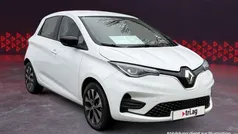 Gebraucht 2024 Renault Zoe Evolution Kleinwagen | 24.991 € (Fairer Preis)
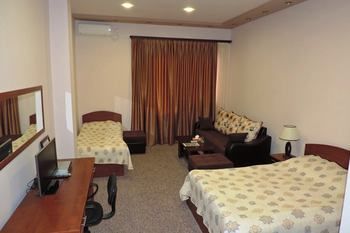 Areg Hotel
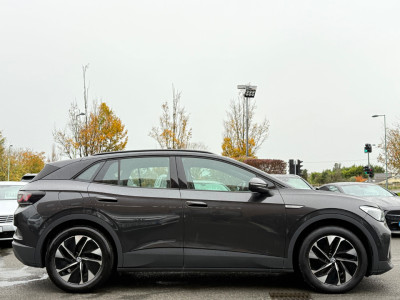 2022 Volkswagen ID.4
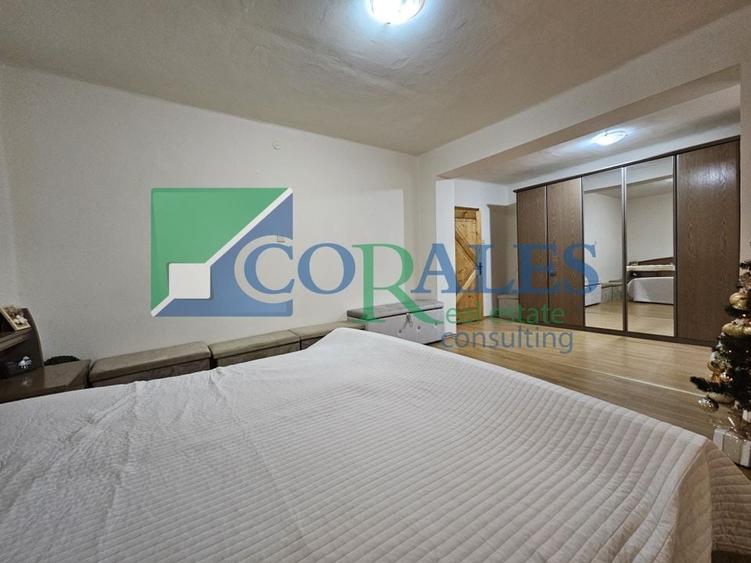 Casa individuala, zona buna, renovata complet. - 8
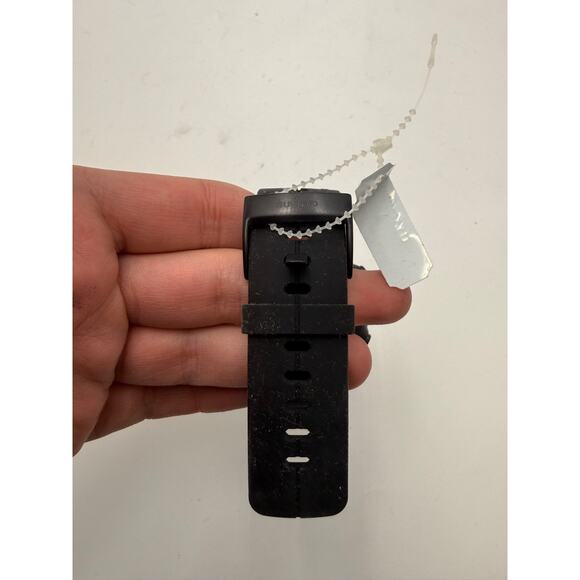 SUUNTO OW161 Smartwatch Digital GPS Fitness Tracker Large Display JAPAN Working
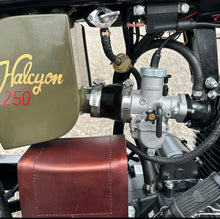 Load image into Gallery viewer, Janus Halcyon 250 Stage 4 Plus for Janus 250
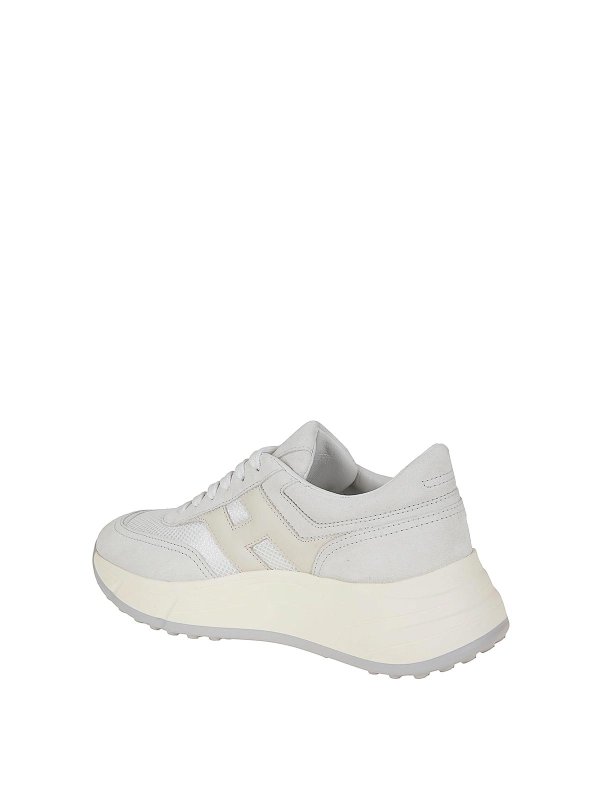 The Best Shops HOGAN: スニーカー - スニーカー - 白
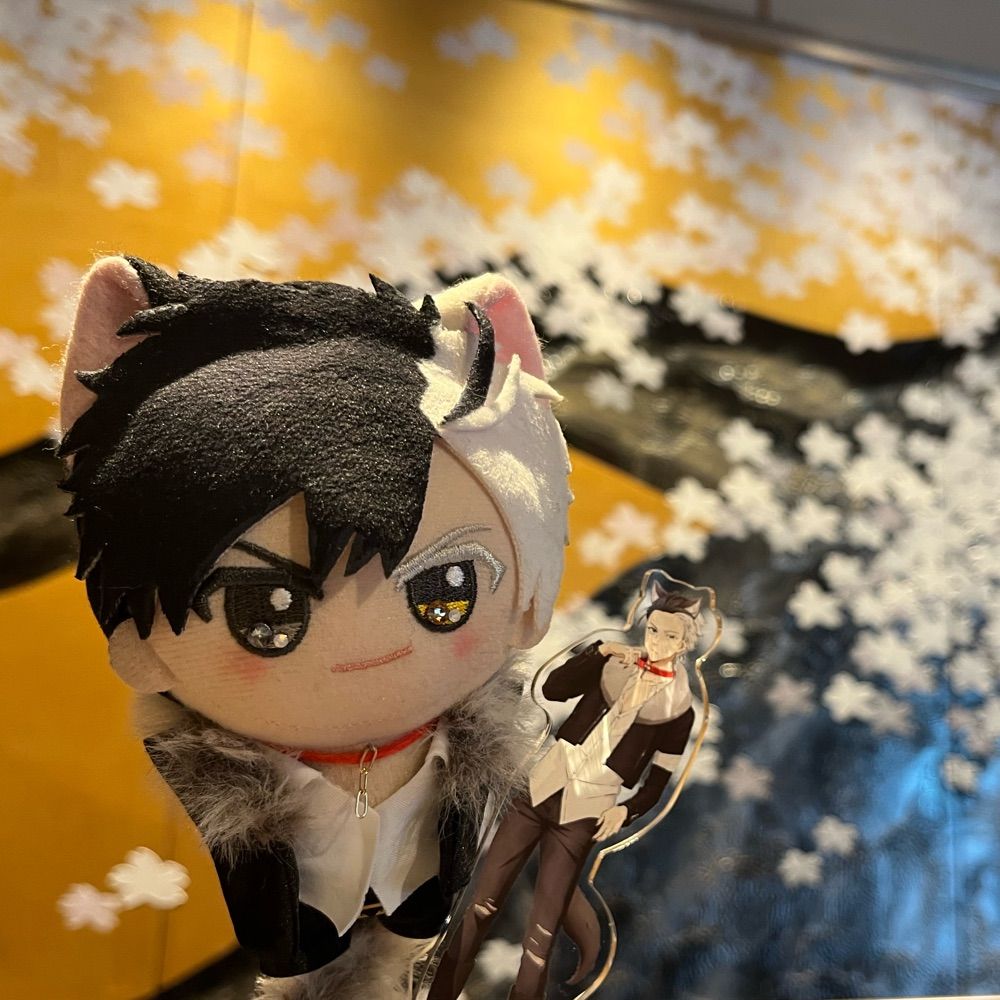 せきらら🌸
****
• Aim of the task
Output nothing but an exact retyping of the material, pictures excluded.

• Answer to this problem
 Gebraucht 2024 Renault Zoe Evolution Kleinwagen | 24.991 € (Fairer Preis)
 Areg Hotel
 2022 Volkswagen ID.4
 Casa individuala, zona buna, renovata complet. - 8
 SUUNTO OW161 Smartwatch Digital GPS Fitness Tracker Large Display JAPAN Working
 Load image into Gallery viewer, Janus Halcyon 250 Stage 4 Plus for Janus 250
 The Best Shops HOGAN: スニーカー - スニーカー - 白
 せきらら🌸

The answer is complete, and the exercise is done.